--- Dataset content ---

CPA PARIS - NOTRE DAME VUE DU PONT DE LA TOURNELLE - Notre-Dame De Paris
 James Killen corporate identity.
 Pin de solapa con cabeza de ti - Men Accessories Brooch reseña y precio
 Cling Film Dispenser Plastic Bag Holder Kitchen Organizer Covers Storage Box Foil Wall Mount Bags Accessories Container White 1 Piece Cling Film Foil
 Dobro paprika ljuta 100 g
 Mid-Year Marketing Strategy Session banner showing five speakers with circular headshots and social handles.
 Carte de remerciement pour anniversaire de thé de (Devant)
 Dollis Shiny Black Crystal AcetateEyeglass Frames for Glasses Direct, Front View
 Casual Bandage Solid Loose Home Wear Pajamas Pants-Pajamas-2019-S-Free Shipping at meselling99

---

■ **What is expected**:
Within the records, count the lines that include the word "Accessories". Answer with the number only.

■ **Your solution**:
2